Il contributo ha ad oggetto la responsabilità penale in caso di incidenti in montagna, con particolare riferimento alla rilevanza della condotta della vittima e alla conseguente limitazione della responsabilità di terzi. L'analisi evidenzia sinteticamente i profili problematici relativi all'inquadramento dogmatico della autoresponsabilità e gli orientamenti giurisprudenziali in materia.

Parole chiave: diritto penale, responsabilità penale, autoresponsabilità, condotta della vittima, rischio consentito, colpa, incidenti in montagna.

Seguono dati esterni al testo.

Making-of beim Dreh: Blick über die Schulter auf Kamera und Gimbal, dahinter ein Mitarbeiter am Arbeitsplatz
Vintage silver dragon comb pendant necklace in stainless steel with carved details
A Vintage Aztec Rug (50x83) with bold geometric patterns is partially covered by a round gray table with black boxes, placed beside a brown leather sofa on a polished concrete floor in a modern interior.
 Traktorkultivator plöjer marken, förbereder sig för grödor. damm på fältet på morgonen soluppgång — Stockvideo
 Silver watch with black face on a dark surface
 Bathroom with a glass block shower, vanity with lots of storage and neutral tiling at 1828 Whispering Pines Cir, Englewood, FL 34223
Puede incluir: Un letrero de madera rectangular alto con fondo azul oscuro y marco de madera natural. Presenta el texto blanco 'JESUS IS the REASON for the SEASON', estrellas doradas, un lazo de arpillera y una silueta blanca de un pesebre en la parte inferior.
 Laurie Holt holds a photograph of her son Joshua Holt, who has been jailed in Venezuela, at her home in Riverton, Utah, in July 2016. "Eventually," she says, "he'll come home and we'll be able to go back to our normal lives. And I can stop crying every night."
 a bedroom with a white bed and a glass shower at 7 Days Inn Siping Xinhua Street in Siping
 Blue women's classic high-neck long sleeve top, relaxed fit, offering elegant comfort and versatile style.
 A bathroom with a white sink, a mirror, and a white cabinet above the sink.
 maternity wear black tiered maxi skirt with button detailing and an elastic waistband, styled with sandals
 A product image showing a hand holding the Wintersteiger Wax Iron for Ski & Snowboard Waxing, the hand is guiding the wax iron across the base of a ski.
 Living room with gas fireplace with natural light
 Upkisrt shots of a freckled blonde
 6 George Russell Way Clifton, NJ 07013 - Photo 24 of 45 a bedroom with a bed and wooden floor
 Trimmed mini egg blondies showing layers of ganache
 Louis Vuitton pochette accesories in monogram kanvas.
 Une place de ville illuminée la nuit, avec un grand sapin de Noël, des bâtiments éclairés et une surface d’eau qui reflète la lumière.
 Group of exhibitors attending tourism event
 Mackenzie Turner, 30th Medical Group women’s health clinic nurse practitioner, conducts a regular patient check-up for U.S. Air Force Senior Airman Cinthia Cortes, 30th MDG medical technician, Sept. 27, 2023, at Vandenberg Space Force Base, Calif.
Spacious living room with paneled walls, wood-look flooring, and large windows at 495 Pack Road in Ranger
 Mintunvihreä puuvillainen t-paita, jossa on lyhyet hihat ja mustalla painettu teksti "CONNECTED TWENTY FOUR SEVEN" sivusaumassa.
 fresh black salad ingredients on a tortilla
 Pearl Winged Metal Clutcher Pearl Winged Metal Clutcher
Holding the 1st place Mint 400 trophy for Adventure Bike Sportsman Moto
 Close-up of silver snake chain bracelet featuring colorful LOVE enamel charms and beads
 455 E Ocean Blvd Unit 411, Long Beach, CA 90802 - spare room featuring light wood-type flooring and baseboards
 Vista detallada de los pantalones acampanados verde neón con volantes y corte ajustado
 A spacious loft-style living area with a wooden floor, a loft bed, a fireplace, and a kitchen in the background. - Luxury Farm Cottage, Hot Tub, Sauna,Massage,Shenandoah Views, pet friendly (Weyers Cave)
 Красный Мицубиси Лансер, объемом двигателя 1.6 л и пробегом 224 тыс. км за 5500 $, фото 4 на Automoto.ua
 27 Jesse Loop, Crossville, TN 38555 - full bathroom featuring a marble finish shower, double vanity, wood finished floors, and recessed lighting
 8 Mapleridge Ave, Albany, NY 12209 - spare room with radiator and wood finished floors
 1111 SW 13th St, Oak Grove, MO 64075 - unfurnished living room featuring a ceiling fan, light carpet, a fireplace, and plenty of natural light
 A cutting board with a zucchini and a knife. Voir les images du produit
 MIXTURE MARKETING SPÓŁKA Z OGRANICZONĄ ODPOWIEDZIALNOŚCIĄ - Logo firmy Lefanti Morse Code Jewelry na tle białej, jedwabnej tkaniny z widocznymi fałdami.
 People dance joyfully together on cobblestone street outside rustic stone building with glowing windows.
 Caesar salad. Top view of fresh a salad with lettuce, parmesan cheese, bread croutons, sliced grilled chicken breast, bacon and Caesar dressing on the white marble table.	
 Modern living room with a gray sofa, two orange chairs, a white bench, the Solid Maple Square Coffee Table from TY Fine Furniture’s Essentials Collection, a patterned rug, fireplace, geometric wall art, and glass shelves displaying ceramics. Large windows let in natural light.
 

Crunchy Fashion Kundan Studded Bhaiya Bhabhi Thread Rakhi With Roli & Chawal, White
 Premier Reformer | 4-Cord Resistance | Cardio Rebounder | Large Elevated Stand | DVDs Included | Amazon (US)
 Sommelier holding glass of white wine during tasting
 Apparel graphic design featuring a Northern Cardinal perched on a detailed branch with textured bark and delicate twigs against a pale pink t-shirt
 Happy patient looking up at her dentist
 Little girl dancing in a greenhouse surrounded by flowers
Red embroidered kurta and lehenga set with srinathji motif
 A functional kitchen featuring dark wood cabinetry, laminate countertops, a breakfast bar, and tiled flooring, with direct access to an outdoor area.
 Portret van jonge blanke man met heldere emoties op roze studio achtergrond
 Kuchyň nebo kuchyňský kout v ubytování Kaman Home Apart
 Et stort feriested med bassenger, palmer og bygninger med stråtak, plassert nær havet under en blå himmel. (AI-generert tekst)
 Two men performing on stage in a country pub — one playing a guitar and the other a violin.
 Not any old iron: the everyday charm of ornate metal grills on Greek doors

Mountain accidents and criminal liability: some reflections

The article deals with criminal liability in mountain accidents, with particular reference to the relevance of the victim’s conduct and the consequent limitation of the liability of third parties. The analysis briefly highlights the challenging profiles relating to the systematization of self-responsibility and the case law on the subject.

SOMMARIO:

1. Incidenti in montagna ed esigenze di tutela penale - 2. La natura dei rischi in montagna - 3. Condotta della vittima e autoresponsabilità - 4. La consapevolezza del rischio - 5. L’inquadramento dogmatico della autoresponsabilità - 6. Gli orientamenti giurisprudenziali - 7. Recenti aperture e prospettive - NOTE


1. Incidenti in montagna ed esigenze di tutela penale

Il tema dei pericoli naturali in montagna, sotto il profilo della gestione del rischio e della connessa attribuzione di responsabilità, costituisce una sfida per il diritto penale contemporaneo. Gli incidenti e gli eventi disastrosi in montagna sono sempre più frequenti sia per la crescente diffusione delle attività sportive e ricreative, sia per il cambiamento climatico che, modificando lo stesso ambiente alpino, determina nuovi rischi ed eventi imprevedibili (si pensi al recente disastro della Marmolada). Le molteplici e complesse questioni poste dalla interazione tra individuo e ambiente naturale sono state approfondite nell’ambito di un progetto di ricerca internazionale, che – in prospettiva interdisciplinare e comparata – si è occupato di due grandi aree tematiche: da un lato, la responsabilità penale in caso di disastri naturali (tra cui frane e valanghe) e incidenti occorsi durante lo svolgimento di attività sportive e ricreative; dall’altro, l’autoresponsabilità dei soggetti che praticano attività sportive o ricreative in montagna e la sua rilevanza ai fini della delimitazione della responsabilità di soggetti terzi [1]. È di tutta evidenza che si tratta di due profili strettamente collegati: la condotta della vittima, infatti, costituisce un criterio per determinare l’ambito della responsabilità penale, nella misura in cui consente di delimitare le sfere di competenza (e le rispettive responsabilità) nei contesti c.d. plurisoggettivi, cioè caratterizzati dalla interazione di più soggetti [2]. Si può affermare che il tema della autoresponsabilità costituisce proprio il “cuore” del problema, e dunque del progetto. Si tratta di comprendere la distribuzione delle responsabilità tra diversi soggetti e di segnare i confini delle rispettive sfere di competenza e di gestione del rischio, identificando al tempo stesso il corretto luogo sistematico di questi elementi all’interno della teoria del reato [3]. Si pongono, invero, questioni rilevanti sotto molteplici aspetti: dalla natura commissiva od omissiva della condotta al contenuto della posizione di garanzia, dall’accertamento del nesso di causalità alla colpevolezza. Lo svolgimento di attività sportive (invernali o estive) in montagna rappresenta una vera e propria miniera d’oro per i [continua ..]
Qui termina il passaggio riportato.